-- Assignment --
Unless a line falls after the one with "We're live. Welcome", retype it exactly from the records below; leave out all pictures.

(Data excerpts)
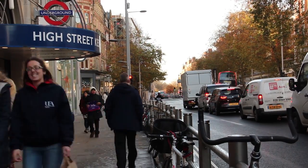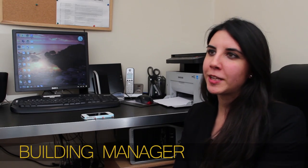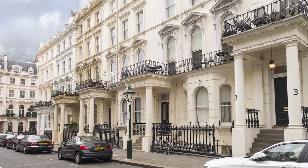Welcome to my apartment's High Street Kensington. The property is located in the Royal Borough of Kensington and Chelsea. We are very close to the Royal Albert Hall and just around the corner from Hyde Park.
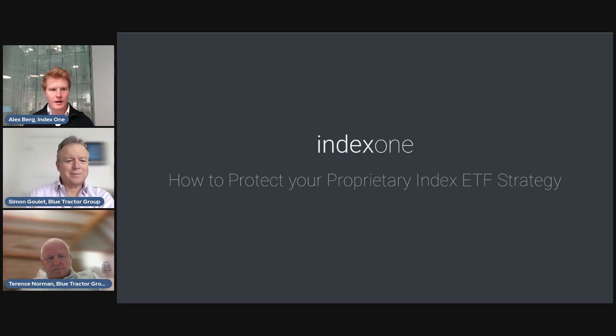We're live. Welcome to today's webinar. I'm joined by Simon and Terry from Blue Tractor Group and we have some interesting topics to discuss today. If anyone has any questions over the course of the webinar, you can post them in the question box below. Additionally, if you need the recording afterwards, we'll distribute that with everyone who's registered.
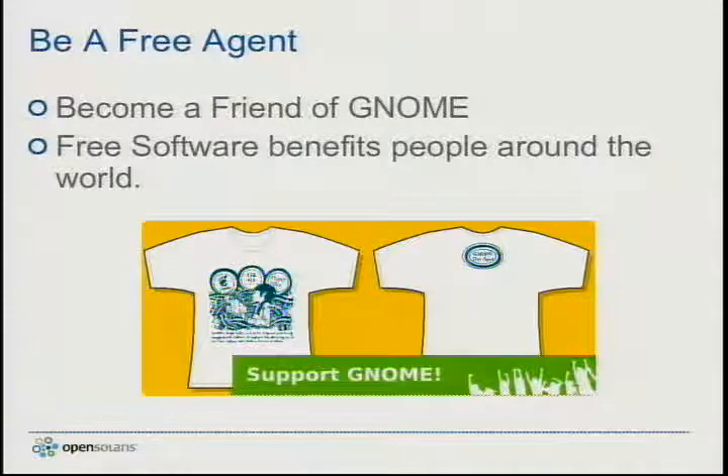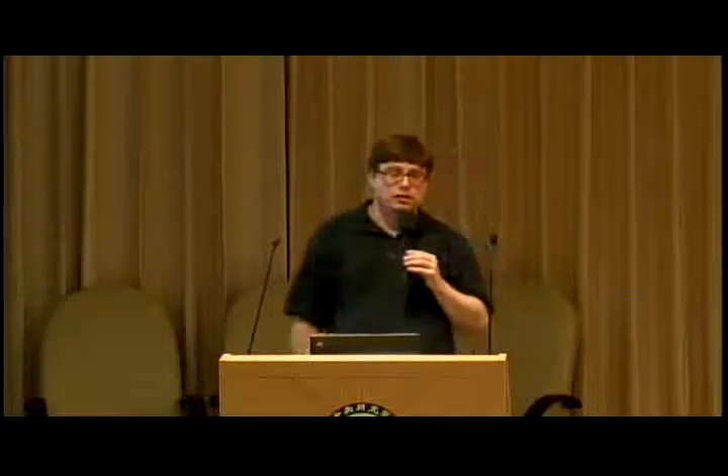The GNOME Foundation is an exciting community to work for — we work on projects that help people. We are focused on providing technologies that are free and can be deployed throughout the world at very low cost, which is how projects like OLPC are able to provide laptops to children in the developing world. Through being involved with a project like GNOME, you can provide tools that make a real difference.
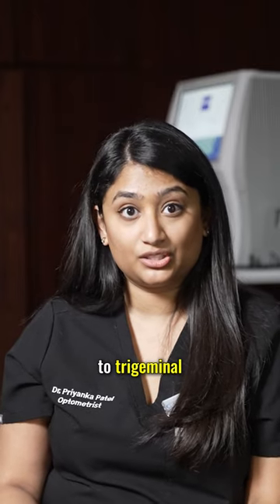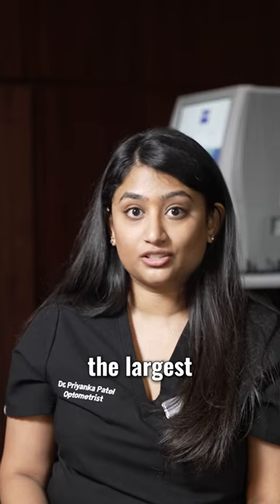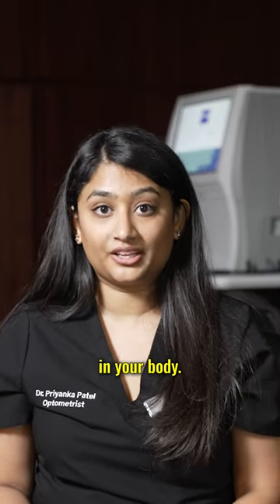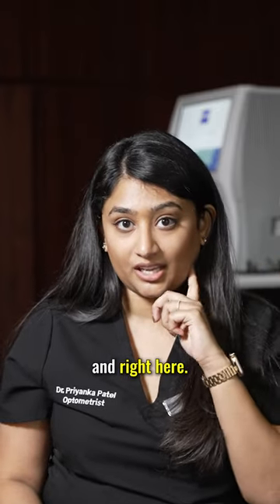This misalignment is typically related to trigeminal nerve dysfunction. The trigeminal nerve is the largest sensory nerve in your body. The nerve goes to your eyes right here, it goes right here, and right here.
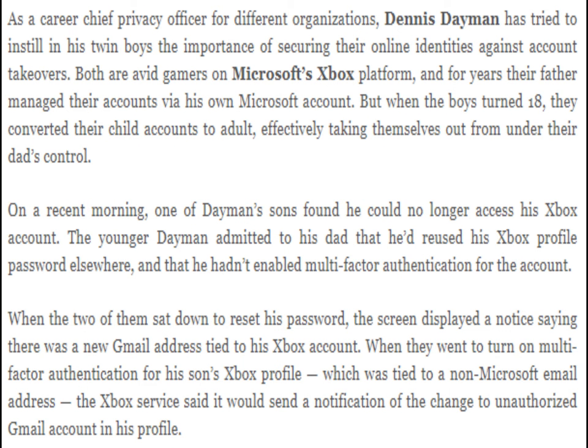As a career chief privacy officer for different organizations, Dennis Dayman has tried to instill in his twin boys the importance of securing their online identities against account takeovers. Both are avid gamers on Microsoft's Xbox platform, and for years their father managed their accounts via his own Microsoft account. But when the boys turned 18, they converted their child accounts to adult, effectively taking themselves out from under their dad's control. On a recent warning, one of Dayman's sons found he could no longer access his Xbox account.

-- Written answer --
Welcome to my apartment's High Street Kensington. The property is located in the Royal Borough of Kensington and Chelsea. We are very close to the Royal Albert Hall and just around the corner from Hyde Park.
We're live. Welcome to today's webinar. I'm joined by Simon and Terry from Blue Tractor Group and we have some interesting topics to discuss today. If anyone has any questions over the course of the webinar, you can post them in the question box below. Additionally, if you need the recording afterwards, we'll distribute that with everyone who's registered.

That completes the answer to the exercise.